[INPUT RECORDS — start]
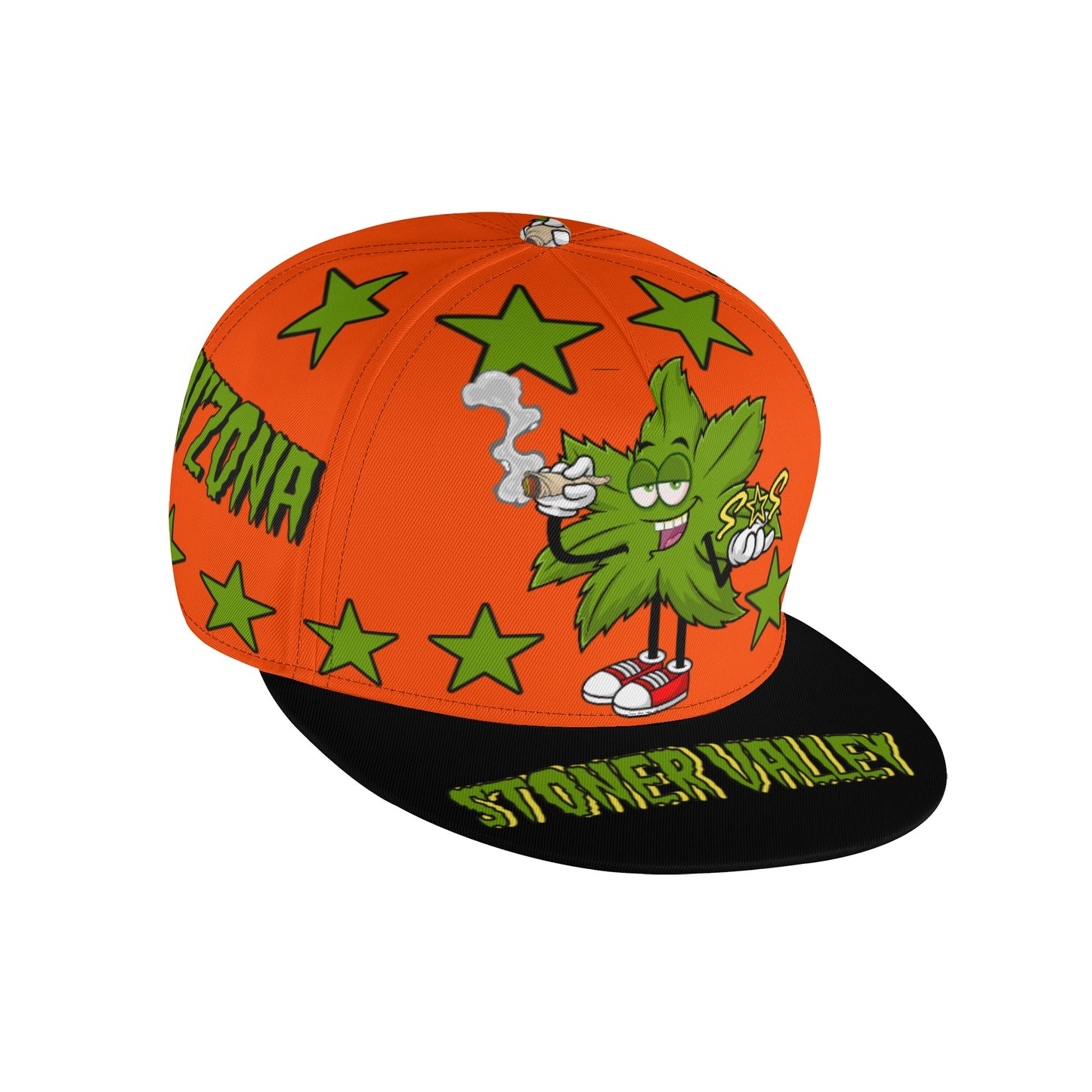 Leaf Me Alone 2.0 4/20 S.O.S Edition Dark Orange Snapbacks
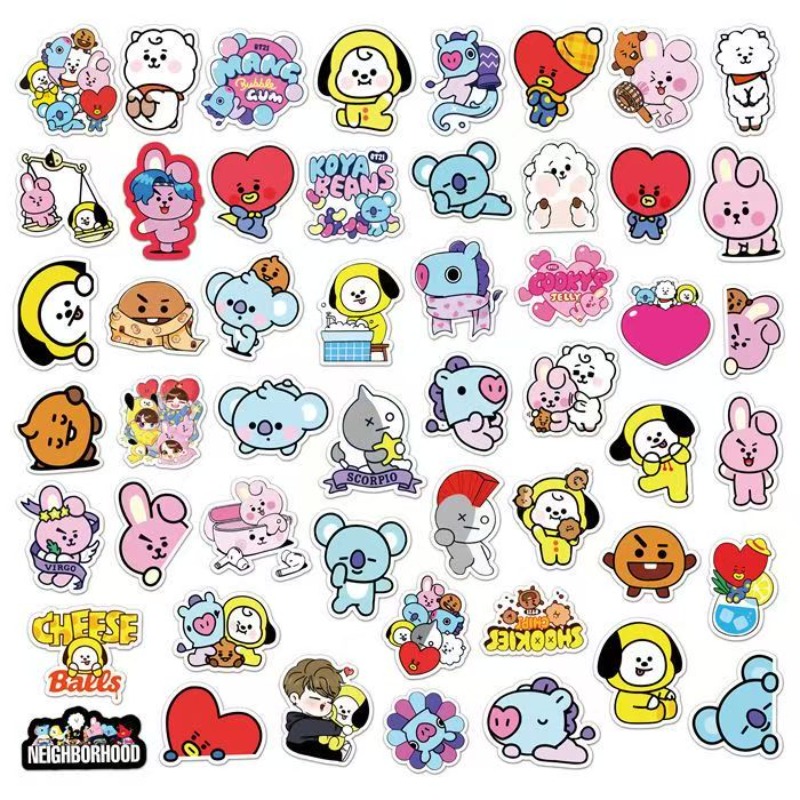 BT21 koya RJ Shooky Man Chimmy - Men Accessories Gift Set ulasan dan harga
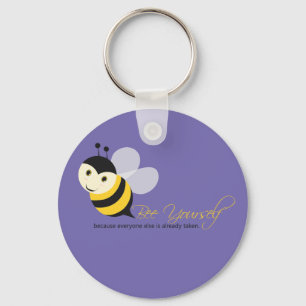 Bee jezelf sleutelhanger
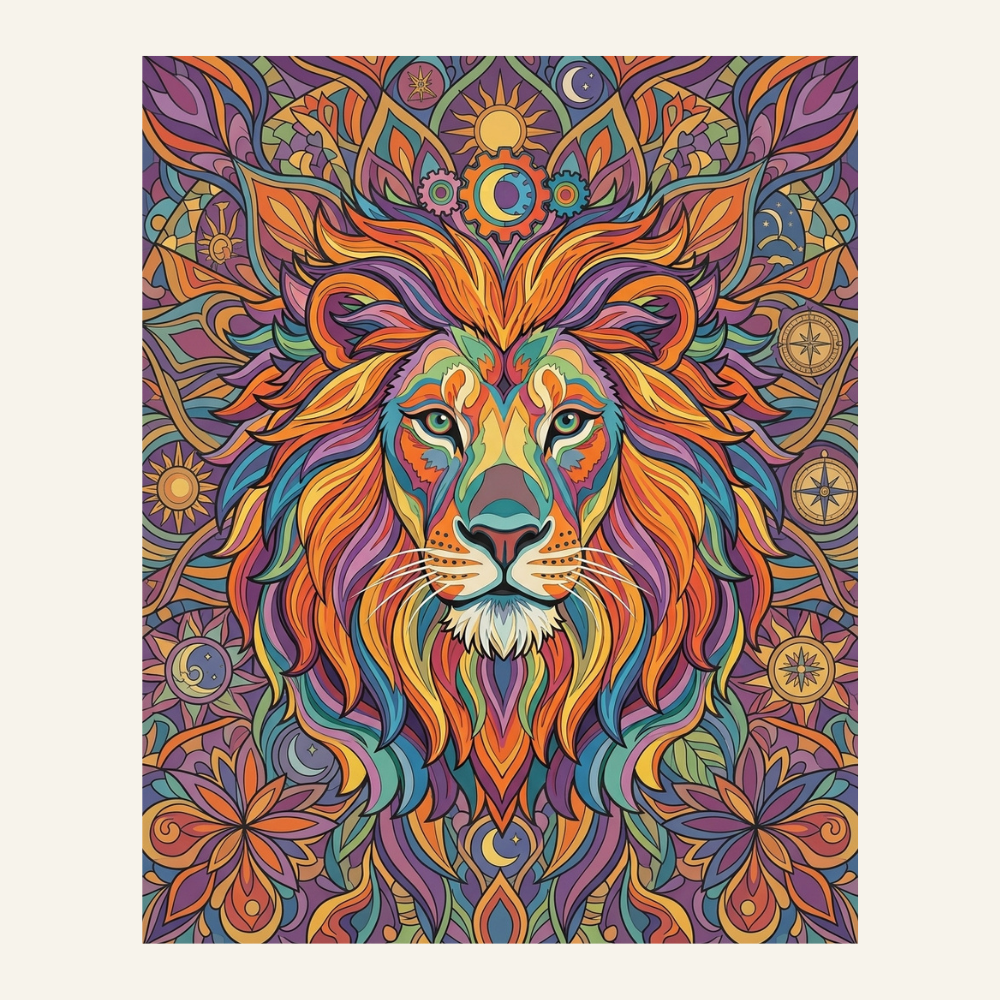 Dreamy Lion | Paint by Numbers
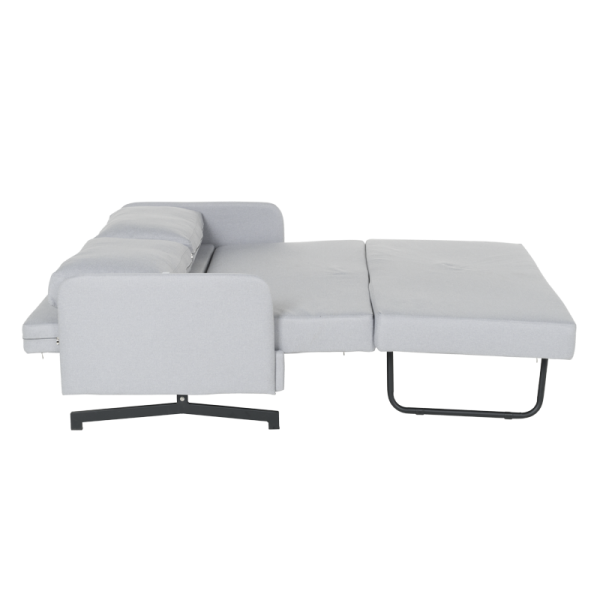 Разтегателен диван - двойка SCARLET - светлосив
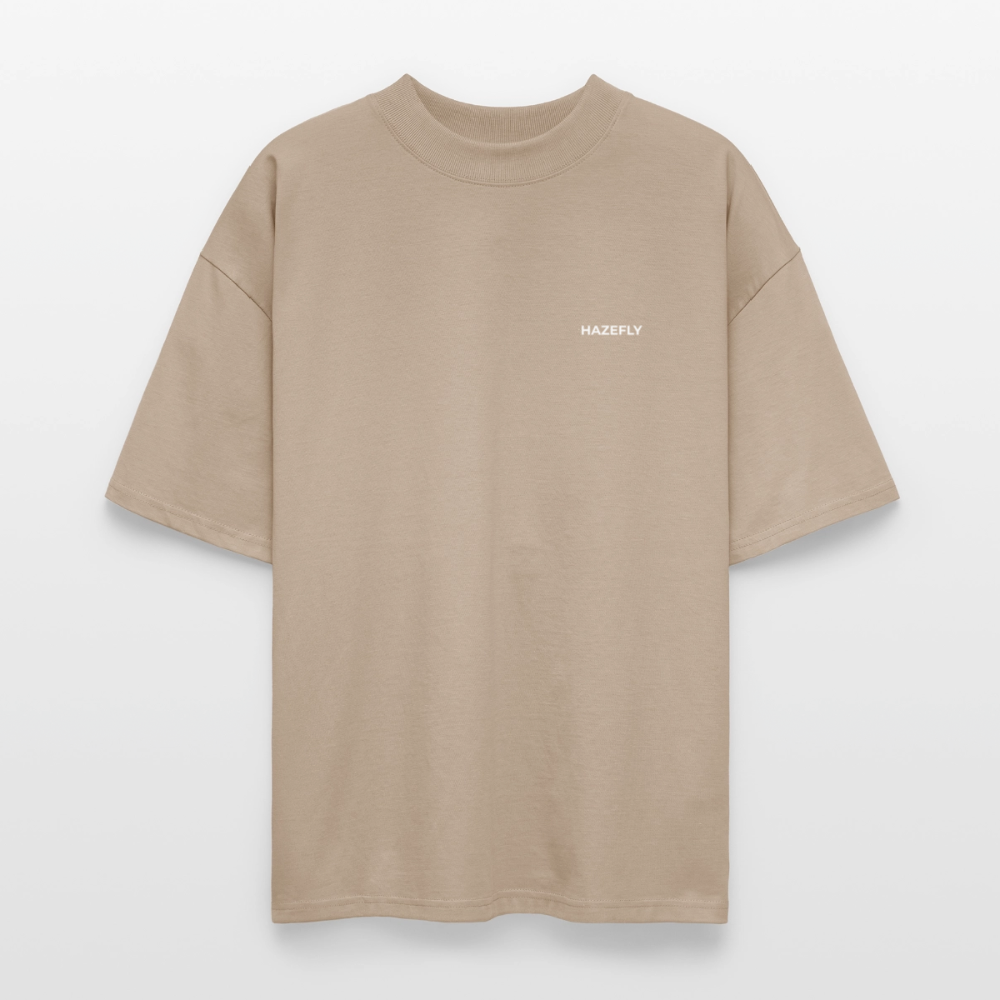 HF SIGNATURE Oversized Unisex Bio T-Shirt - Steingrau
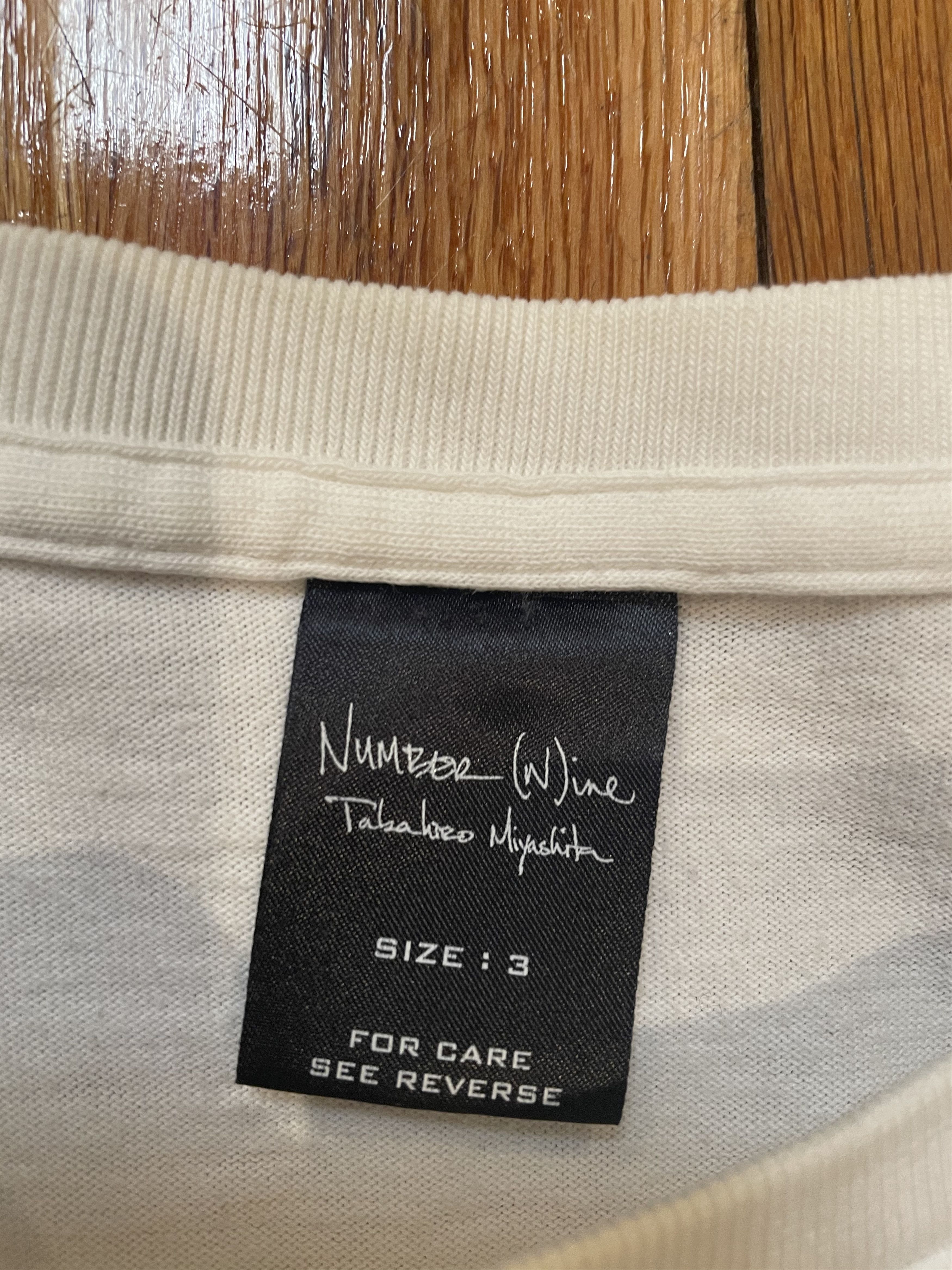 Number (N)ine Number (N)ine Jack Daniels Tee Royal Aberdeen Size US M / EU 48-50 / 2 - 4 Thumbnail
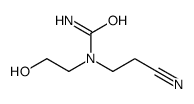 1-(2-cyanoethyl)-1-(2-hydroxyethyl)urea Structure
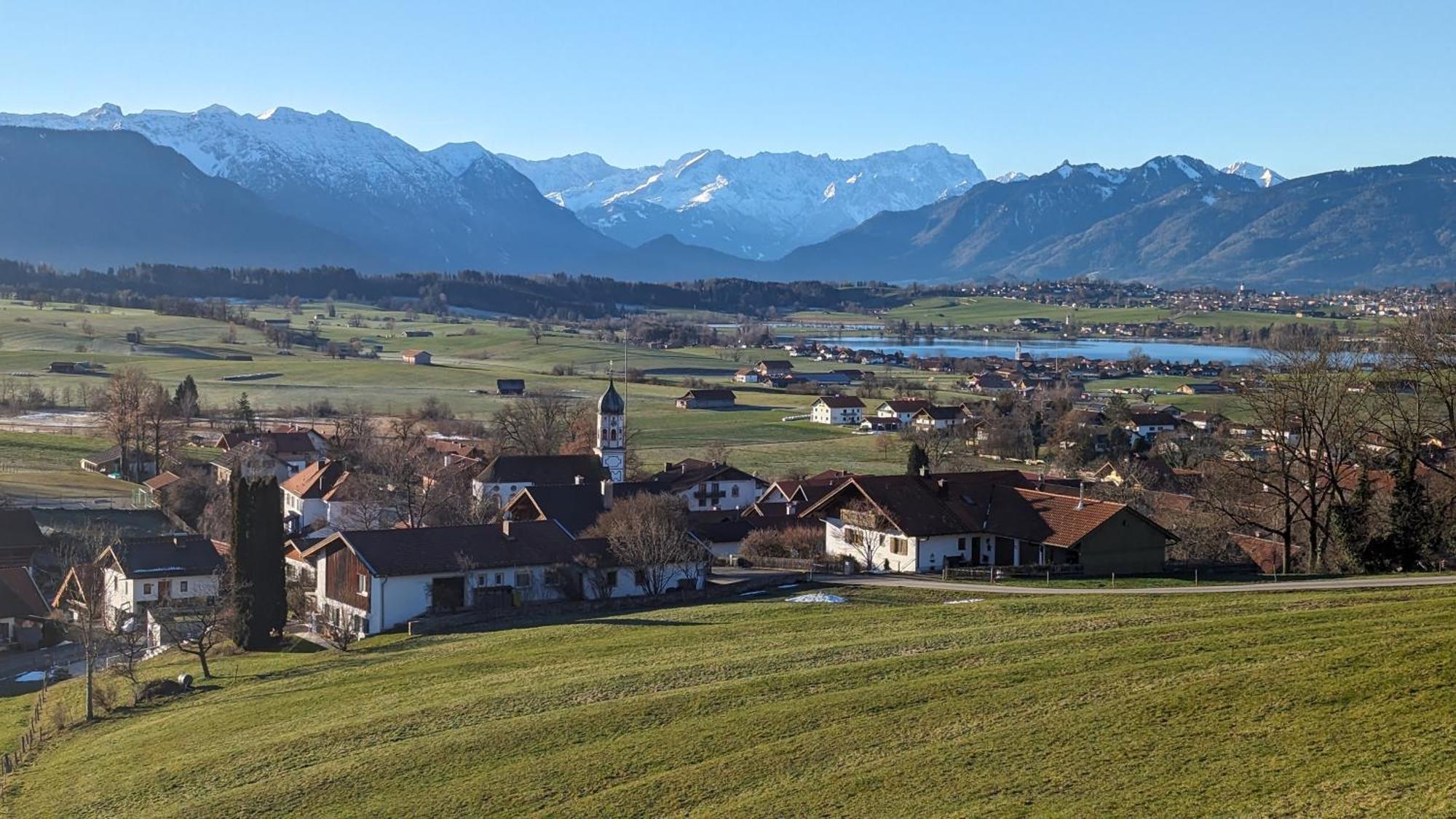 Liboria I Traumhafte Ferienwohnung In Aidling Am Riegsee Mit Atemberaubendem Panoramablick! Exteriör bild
[INPUT RECORDS — finish]
## [TASK ITEM]
Would you give again exactly the lines from the line containing "HF SIGNATURE Oversized" through the end of the listing, both ends included, without any pictures?

## [RESPONSE TO THIS TASK]
 HF SIGNATURE Oversized Unisex Bio T-Shirt - Steingrau
 Number (N)ine Number (N)ine Jack Daniels Tee Royal Aberdeen Size US M / EU 48-50 / 2 - 4 Thumbnail
 1-(2-cyanoethyl)-1-(2-hydroxyethyl)urea Structure
 Liboria I Traumhafte Ferienwohnung In Aidling Am Riegsee Mit Atemberaubendem Panoramablick! Exteriör bild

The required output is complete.